The inquiry heard about personal animosity between Mr Gilligan and Mr Campbell when Mr Dingemans asked the journalist why his broadcast on 29 May did not mention Mr Campbell's alleged involvement, but an article he wrote for The Mail on Sunday on 1 June did.

Mr Gilligan replied: "I had had a difficult relationship with Campbell during the Iraq war. I thought he had a particular issue about some of my reporting. I did not want to be the first to name him in this context and I thought Downing Street was just as good."

He added: "But then other people in the follow-up ... did name him in this context.

"I thought, well, I'm not the first and I decided to name him in the Mail on Sunday."

The inquiry heard that Mr Campbell had twice written to the BBC, in March and April this year, voicing complaints about Mr Gilligan's reporting from Baghdad.

After the inquiry had been read some of Mr Campbell's letters, Mr Gilligan said: "These letters are examples, and not the only examples, of the tendency the Government has had to seize on isolated phrases and reports, and to quote them sometimes strikingly out of context."

Mr Dingemans asked whether the already poor relationship between Mr Gilligan and Mr Campbell was the reason why the BBC and the Government refused to back down over the matter.

Mr Gilligan answered: "No, I do not believe it is. The response to the complaint made by Downing Street is not my decision, it is a matter for the higher management ... but if the story had been wrong, we would have corrected it."

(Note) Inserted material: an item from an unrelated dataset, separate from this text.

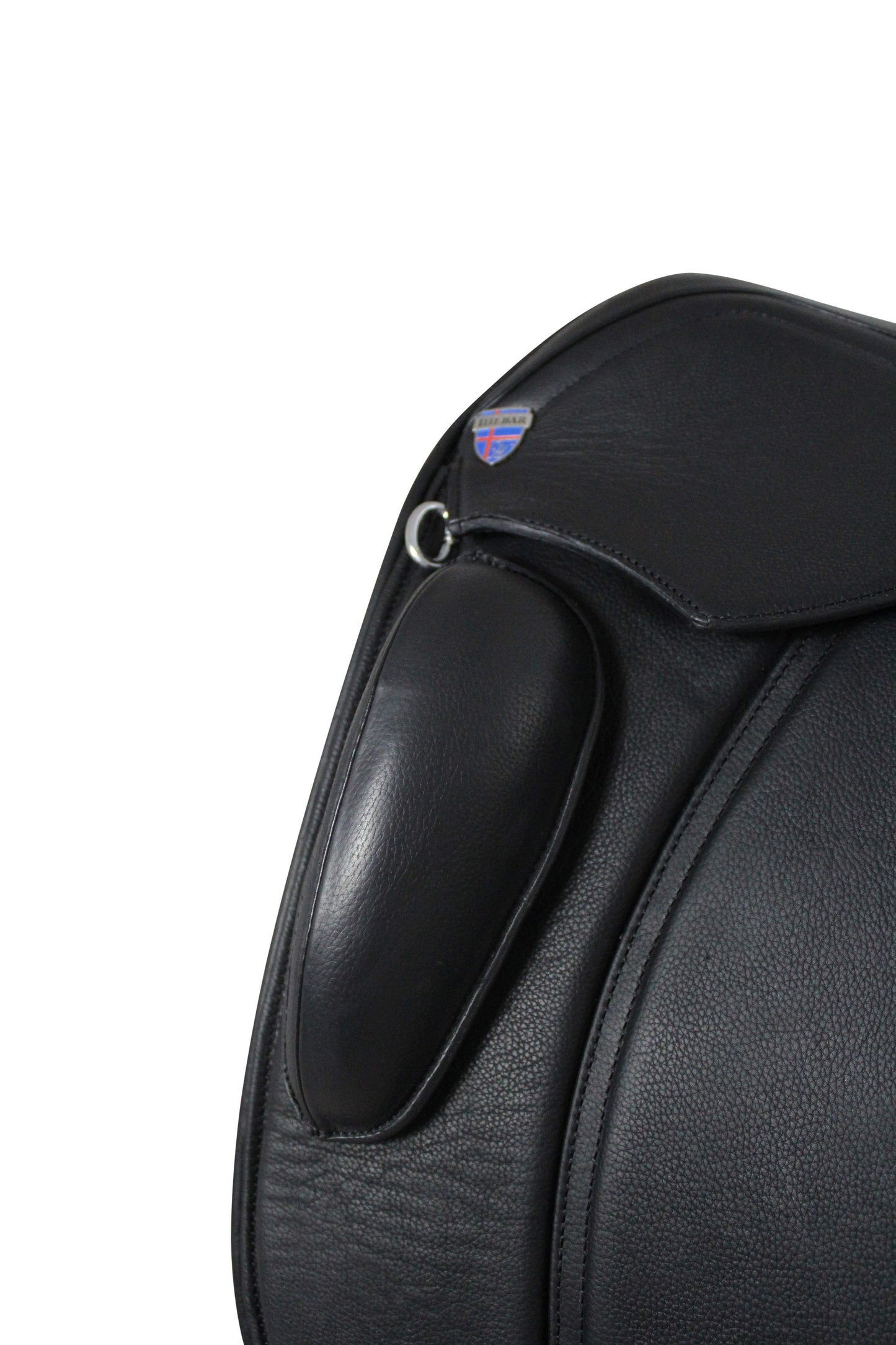Hilbar Royal Exklusiv "Saddlepad Escalade"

Mr Gilligan was questioned about his second appearance before the Foreign Affairs Select Committee when he appeared to absolve Mr Campbell of interfering with the dossier. Mr Gilligan stated that he had made mistakes during the committee questioning due to the "hostile reception" he had been given by some MPs.

Mr Gilligan withstood the onslaught initially but admitted to Lord Hutton yesterday: "I had been disconcerted by the hostility of the questioning and I was simply wrong. I was thrown off balance.

"They said they had brought me in to talk about the source but they started talking about a whole slew of stories that I have written."

SCOOP COST BBC £4.15

Costing only £4.15, it must have been one of the cheapest scoops of all time.

Andrew Gilligan told the inquiry yesterday that after meeting the biological warfare expert at the Charing Cross Hotel in central London on 22 May, he had submitted an expenses claim for two soft drinks.

The meeting, which was one of a series of encounters between the pair, triggered the biggest story of the year as well as a serious crisis for the Government.

Mr Gilligan paid £2.20 for one bottle of Coca-Cola and £1.95 for one bottle of Appletise, before claiming reimbursement from the BBC.

As a result, the encounter, and the subsequent scoop, cost the BBC little more than £4.15.